During the recent mortgage upturn of the last decade, it became common to see lenders commanding down payments of 10, 5 or sometimes 0 percent. A lender is able to handle the additional risk of the reduced down payment with Private Mortgage Insurance or PMI. This supplemental policy guards the lender if a borrower defaults on the loan and the value of the house is less than the balance of the loan.
PMI can be expensive to a borrower in that the $40-$50 a month per $100,000 borrowed is compiled into the mortgage payment and frequently isn't even tax deductible. It's favorable for the lender because they secure the money, and they get paid if the borrower doesn't pay, different from a piggyback loan where the lender takes in all the costs.
Does your monthly mortgage payment include PMI? Contact us, you may be able to save money by removing your PMI.
How can a homebuyer prevent bearing the cost of PMI?

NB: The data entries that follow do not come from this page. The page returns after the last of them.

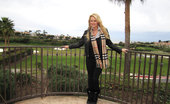 Kelly Madison Bringing In 2011 Pt. 2 277287 So, You Wanna Fuck? Just Dial Up Kelly And See What Makes You Hard In The Morning
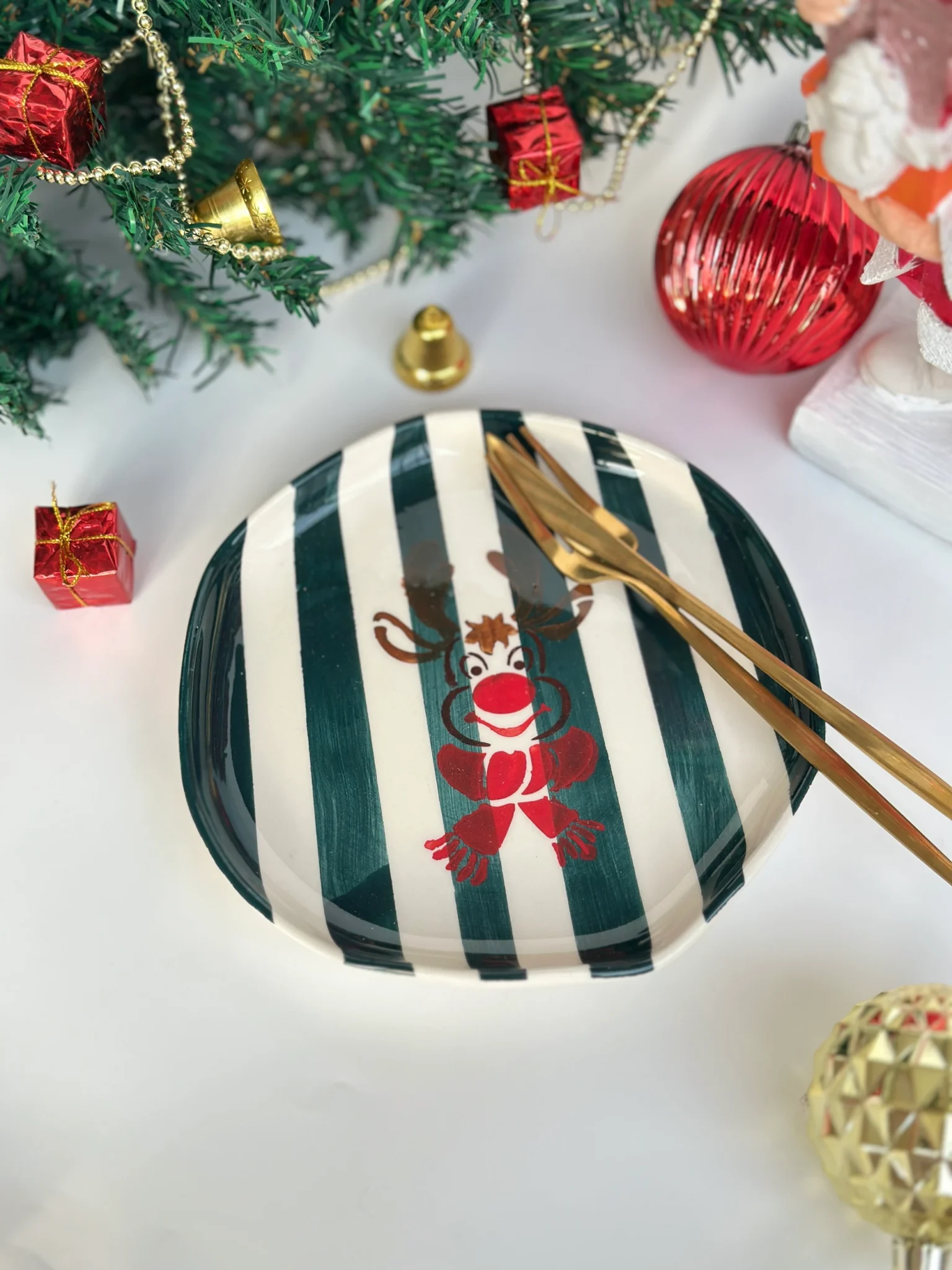 Özel Tasarım Şekilsiz Geyik Desenli Tabak Özel Tasarım Şekilsiz Geyik Desenli Tabak - Görsel 1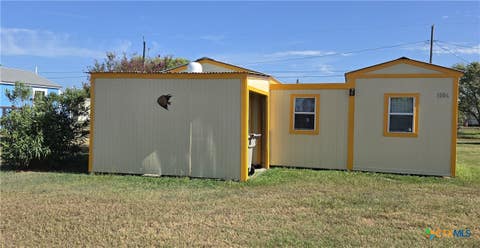 Photo of 1006 W Dallas Avenue, Seadrift, TX 77983 (MLS # 623265)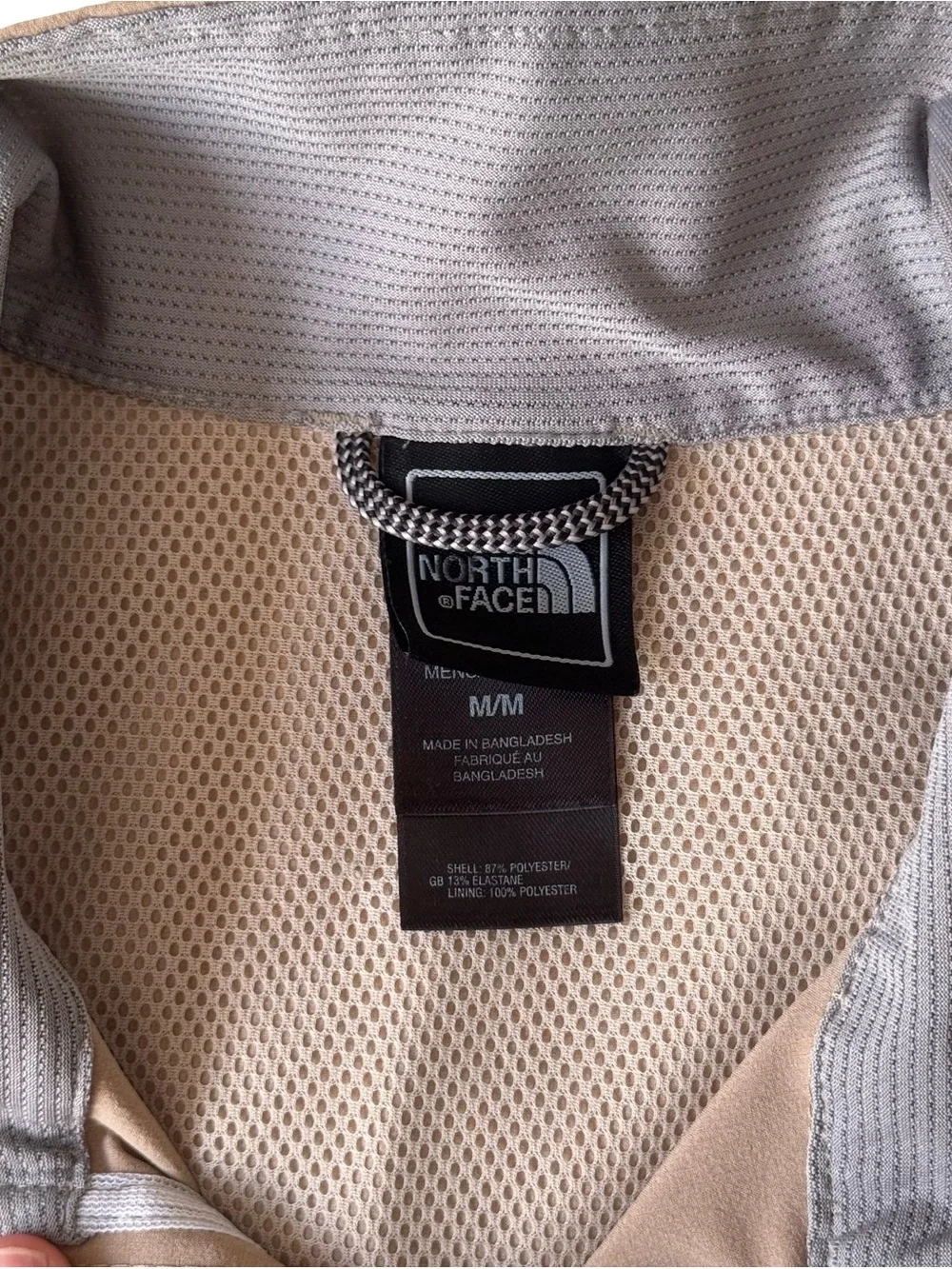 The North Face Men’s Beige Lightweight Full Zip Lined  Vest Size M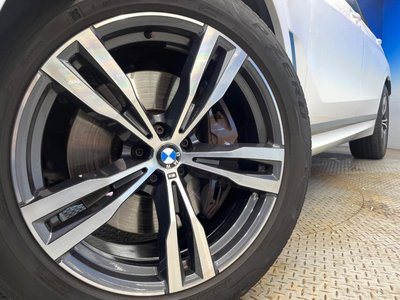 2021 BMW X7 thumbnail 17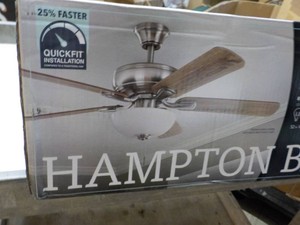Hampton Bay 52 Ruthley II Indoor Ceiling Fan with Light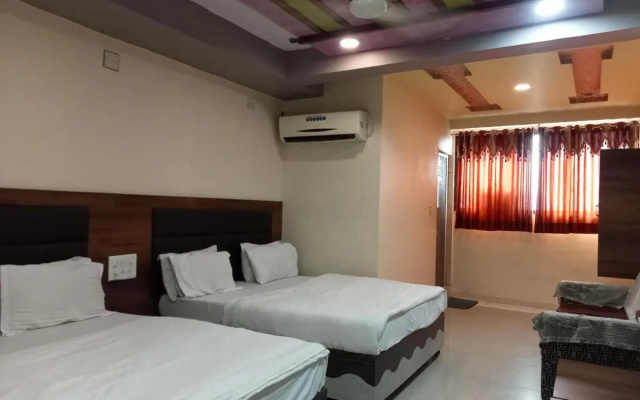 OYO Spot on  8592 Hotel Paras Palace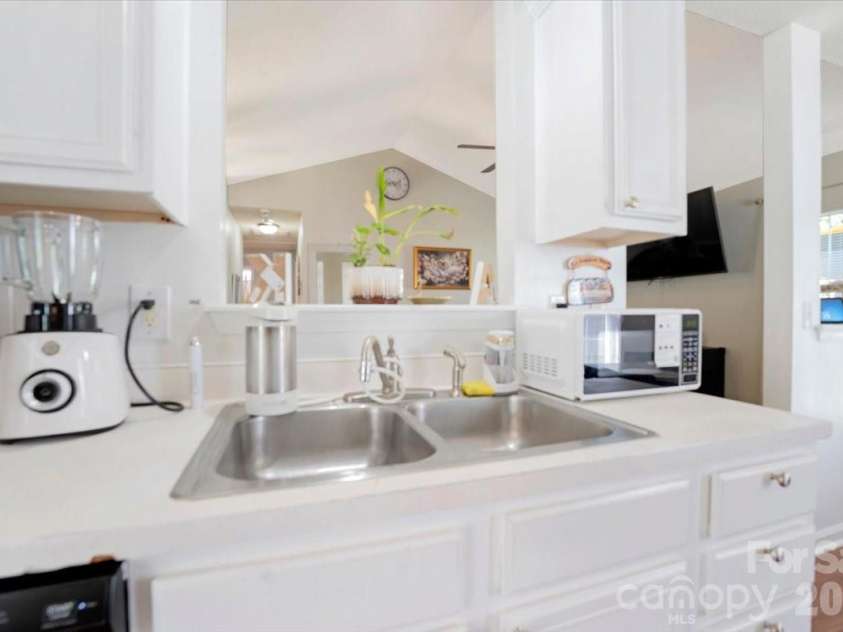 9828 Northwoods Forest Drive, Charlotte, NC 28214.  MLS# CAR4421526, YatesRealty ID 50352.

With the employment of The Homeowners Protection Act of 1998, on most loans lenders are required to automatically stop the PMI when the principal balance of the loan reaches 78 percent of the beginning loan amount. Smart home owners can get off the hook sooner than expected. The law states that, at the request of the home owner, the PMI must be dropped when the principal amount reaches just 80 percent.
It can take countless years to arrive at the point where the principal is just 20% of the initial amount of the loan, so it's essential to know how your home has increased in value. After all, all of the appreciation you've acquired over the years counts towards dismissing PMI. So why pay it after the balance of your loan has dropped below the 80% threshold? Your neighborhood might not be reflecting the national trends and/or your home could have secured equity before things calmed down, so even when nationwide trends forecast falling home values, you should realize that real estate is local.
An accredited, licensed real estate appraiser can help homeowners understand just when their home's equity goes over the 20% point, as it's a difficult thing to know. As appraisers, it's our job to know the market dynamics of our area. At Slater Real Estate Services, we're experts at pinpointing value trends in Windsor, Weld County and surrounding areas, and we know when property values have risen or declined. Faced with information from an appraiser, the mortgage company will usually eliminate the PMI with little effort. At that time, the homeowner can enjoy the savings from that point on.